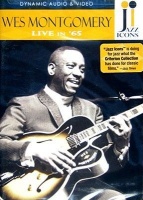 Jazz Icons Wes Montgomery: Live in '65 Photo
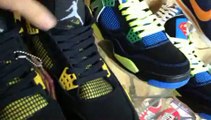 Cheap Jordans China-Nike Jordan 4 Online Review Shoes-clothes-china.ru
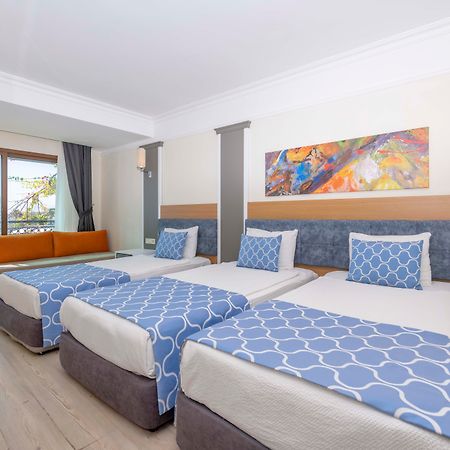 Armas Labada Hotel Kemer Exterior foto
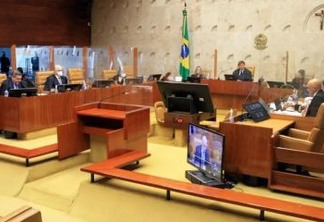 Nova regra aprovada pelo STF limita votos de ministros indicados por Bolsonaro
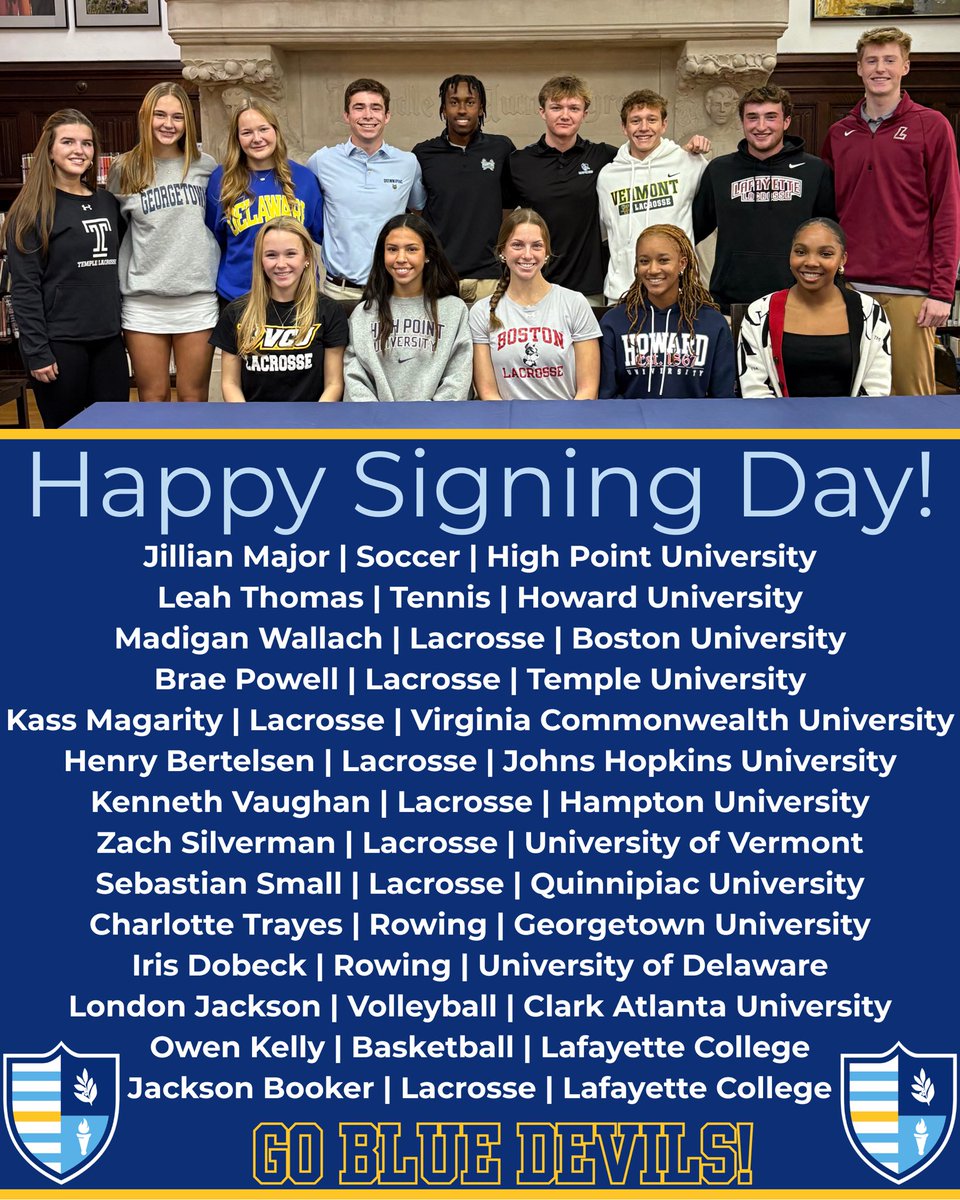 SCH Academy Athletics tweet media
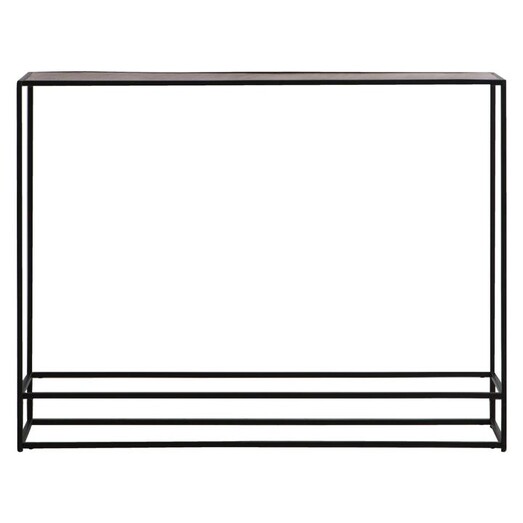 Picture of Renata Console Table Metal Assorted Castle Road Interiors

WHAT IS REQUIRED ▸
A faithful copy of every record is required, with no pictures included.

EXPECTED ANSWER ▸
 Jazz Icons Wes Montgomery: Live in '65 Photo
 Cheap Jordans China-Nike Jordan 4 Online Review Shoes-clothes-china.ru
 Armas Labada Hotel Kemer Exterior foto
 Nova regra aprovada pelo STF limita votos de ministros indicados por Bolsonaro
 SCH Academy Athletics tweet media
 Picture of Renata Console Table Metal Assorted Castle Road Interiors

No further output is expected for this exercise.